Student Athletic Trainers Ellie Nelson, Sarra Karas, MaKenna Puskar, and Ashley Rice pose with Mr. Mesich, and Mrs. and Mr. Snowberger in honor of National Trainers Month (Norwin Athletics)

 “The athletic trainers are members of our team just like our players and coaches,” said varsity football coach Mr. Brozeski. “They take tremendous pride in their work and go above and beyond to help not only the players on the football team but all Norwin student athletes they work with. We are very fortunate to have such a great group of athletic trainers.”
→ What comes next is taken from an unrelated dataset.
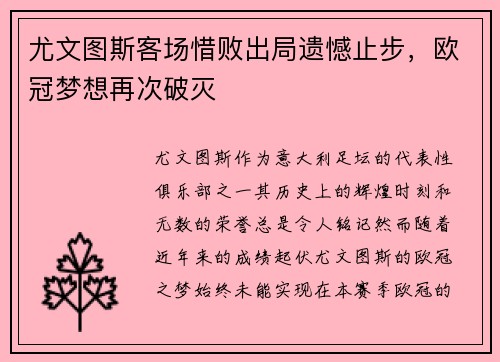 尤文图斯客场惜败出局遗憾止步，欧冠梦想再次破灭
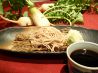 さうだーでのおすすめポイント3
     It doesn’t take long for their work to make an impact on someone; Matt Calas, an intern from Chatham University, has only been working with Mr. and Mrs. Snowberger for a couple of months, but already, he can see that something special is happening here. 

     “I’d say that my experience has been fantastic,” said Calas. “They made me feel welcomed, and they have pushed me and taught me how to be a better athletic trainer. As much as doing rehab sometimes sucks, they make it enjoyable. They are always smiling under the masks even though they may have twenty other things going on. I have thoroughly enjoyed my time at Norwin and was given a great insight into what it’s like to be a high school athletic trainer.”

     When it comes down to it, though, the people who are most thankful are the students they have helped along the way. They may be one of thousands, but each and every one of them is eager to share their praise of Norwin’s athletic training staff.

“The athletic trainers are members of our team just like our players and coaches. They take tremendous pride in their work.”

— Coach David Brozeski

     “Angie and Dave are great,” said senior Kennedy Soliday. “I’ve played soccer the past four years and they have no doubt gotten me through it. I’m so grateful to have them for high school athletics. Going to the trainers is a burden for some but I loved it. They aren’t just athletic trainers to me. They’re the best people to talk to and I’ll really miss them when I go to college.”

     We can’t predict the future, and we don’t know how long the Snowbergers will be here. On behalf of everyone in the Norwin Athletics community, though, let’s hope it’s for a long time.

“I am a big believer as a coach in preaching about the importance of FAMILY,” said assistant track and head cross country coach Brian Fleckenstein.  “The Snowbergers treat all of their athletes like their family.  They are a part of the Norwin athletic family and part of what makes Norwin such a special place to coach.”